══ DATASET EXTRACT

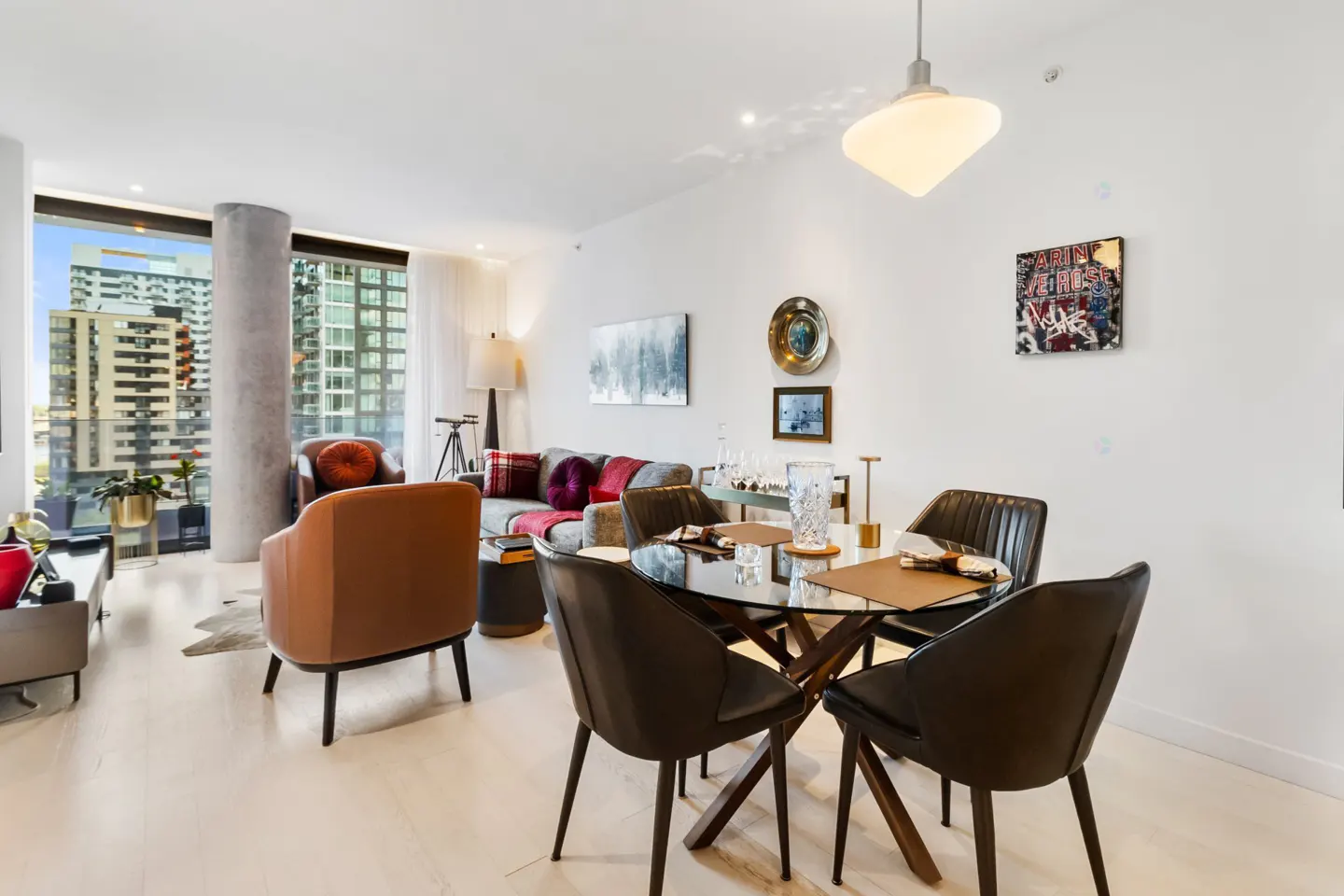 Bright, modern condo interior with a glass dining table, leather chairs, and city views.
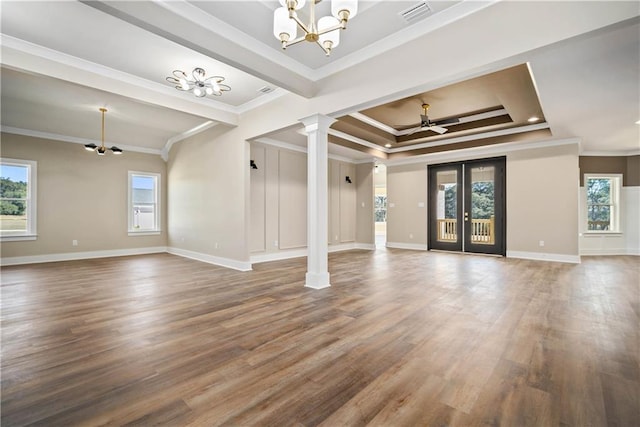 unfurnished living room with wood-type flooring, decorative columns, a healthy amount of sunlight, a raised ceiling, and french doors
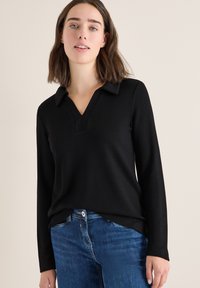 Mujer con cabello castaño de longitud media, vistiendo una blusa negra de manga larga con cuello y jeans azules, de pie frente a una pared clara y sencilla.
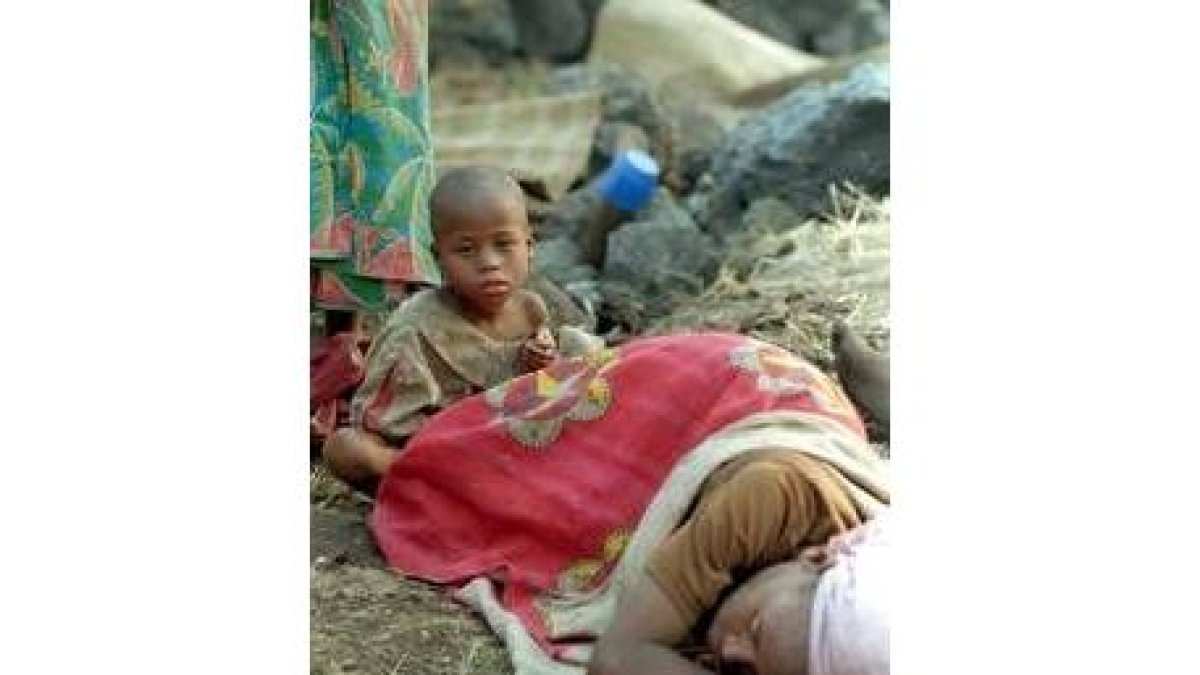 Un niño, sentado junto a su madre, mientras ésta descansa en el suelo, en un campo de refugiados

════

YOUR OBJECTIVE:
When the line that holds "Mujer con cabello" is reached, begin duplicating exactly, and continue through the last line of the listing, skipping the pictures; output nothing else.

SOLUTION FOR THIS EXERCISE:
 Mujer con cabello castaño de longitud media, vistiendo una blusa negra de manga larga con cuello y jeans azules, de pie frente a una pared clara y sencilla.
 Un niño, sentado junto a su madre, mientras ésta descansa en el suelo, en un campo de refugiados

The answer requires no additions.